Les lignes de bus Tisséo sont particulièrement visées par les associations « Je n’irai pas voter aux élections municipales car je ne peux pas accéder à mon bureau de vote ». Le constat fait par Patrick Giorgi, 55 ans, est effarant. Paraplégique et habitant du quartier Saint-Michel, il dénonce vivement les problèmes d’accessibilité aux services publics dans la ville de Toulouse. Le dernier baromètre de l’accessibilité réalisé par l’Association des Paralysés de France (APF) fait état d’une ville en légère progression (15,5/20 contre 15/20 en 2012), mais toujours en retard vis-à-vis de métropoles comme Grenoble, Nantes et Lyon.

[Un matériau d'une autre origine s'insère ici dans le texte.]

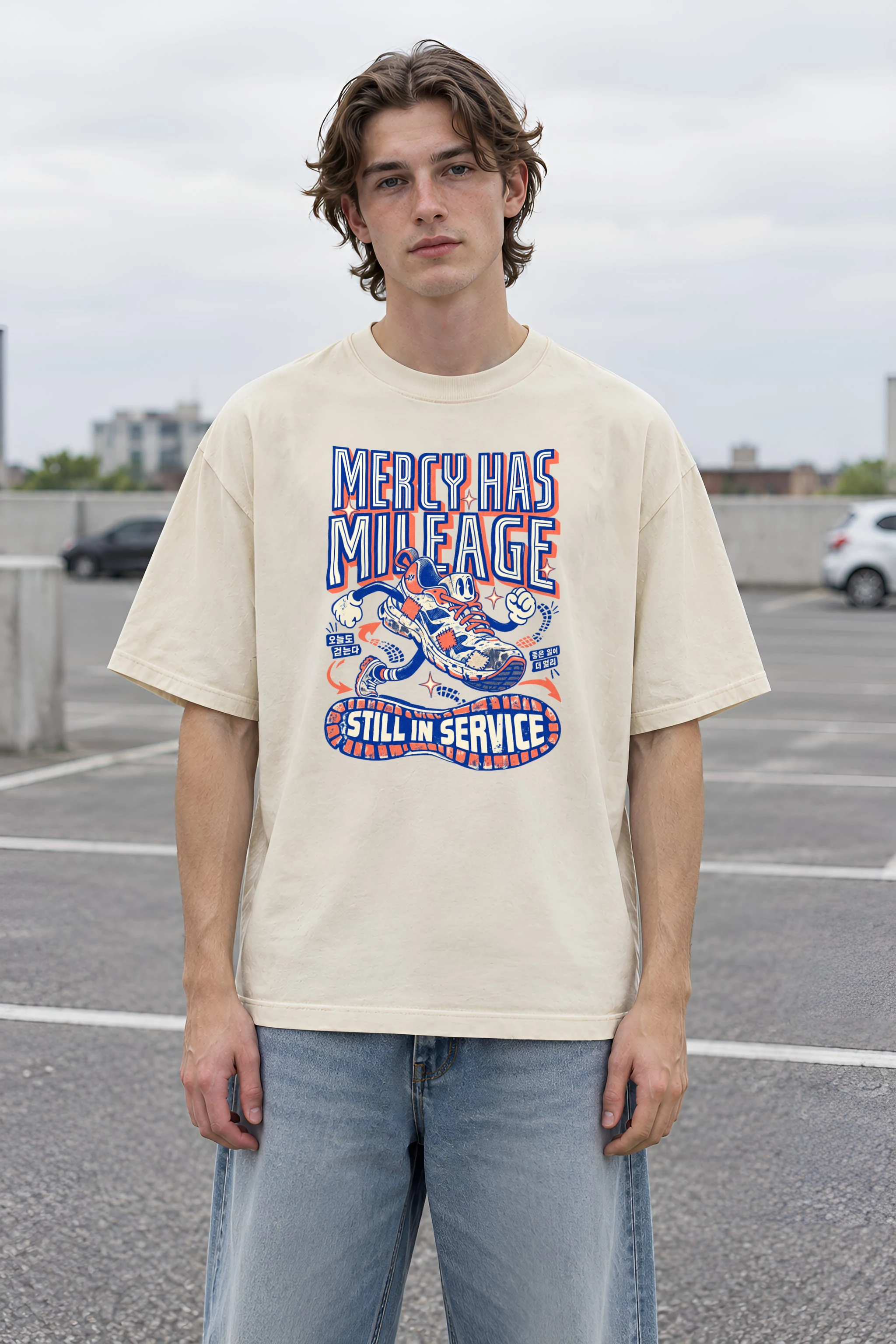 "Mercy Has Mileage" Men's Oversized Heavyweight Crewneck T-Shirt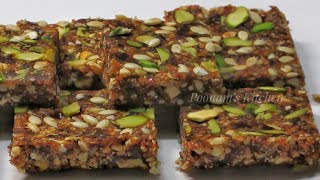 Healthy Dates amp Nuts Energy Bar Recipe  Khajur Pak Recipe  Khajur Burfi Recipe  Winter Special [upl. by Peria107]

Malgré une note de 21/21 pour la « politique locale volontariste » menée par la mairie, les associations d’handicapés pointent des retards accumulés par les municipalités successives depuis 1975, date de la première loi sur l’accessibilité. Pour Odile Maurin, déléguée départementale de l’APF, les moyens alloués sont insuffisants, et la question des transports à Toulouse devient le centre névralgique des protestations.

Mobibus dans la tourmente

Le 10 février dernier, c’est un cortège peu ordinaire qui manifestait devant le siège de Tisseo, le réseau de transport en commun de l’agglomération toulousaine. Sous l’égide de plusieurs associations, valides et handicapés se sont mobilisés ensemble pour dénoncer les dysfonctionnements de Mobibus, le service de transport à la demande pour les personnes à mobilité réduite. Sur des pancartes accrochées aux fauteuils roulants, on pouvait lire des slogans tels que “liberté, égalité dans les transports spécialisés”, “Tous égaux, pas chez Tisséo” ou encore “Les usagers de Mobibus ne sont pas des colis à déposer”.

Outre le réseau traditionnel de bus et de métro, dont des lignes sont déclarées accessibles alors que certains arrêts ne le sont pas, Mobibus ressemble de plus en plus à un calvaire pour les usagers. Gérard André, président du conseil d’aministration de Tisseo n’a pas donné suite à la demande d’entretien d’Univers-Cités et fait la sourde oreille face aux critiques des associations. Il considère que les dysfonctionnements pointés sont mineurs, et refuse toute discussion bilatérale avec les représentants d’usagers du service Mobibus.

« On est traités comme des petits papiers, des marchandises qu’on prend quand on veut et qu’on dépose quand on veut », ajoute Odile Maurin. La déléguée de l’APF reçoit tous les jours des témoignages d’usagers Mobibus, qui se retrouvent à faire le tour de Toulouse branchés sur respirateur, ou à attendre un transport qui arrive finalement en retard ou est déjà passé. Un règlement intérieur transmis récemment à l’ensemble des usagers a été la goutte qui a fait déborder le vase du côté des associations. Selon Odile Maurin, ce règlement, qu’il semble obligatoire de signer pour pouvoir disposer du service, « fixe des obligations pour les usagers mais pas pour les exploitants ».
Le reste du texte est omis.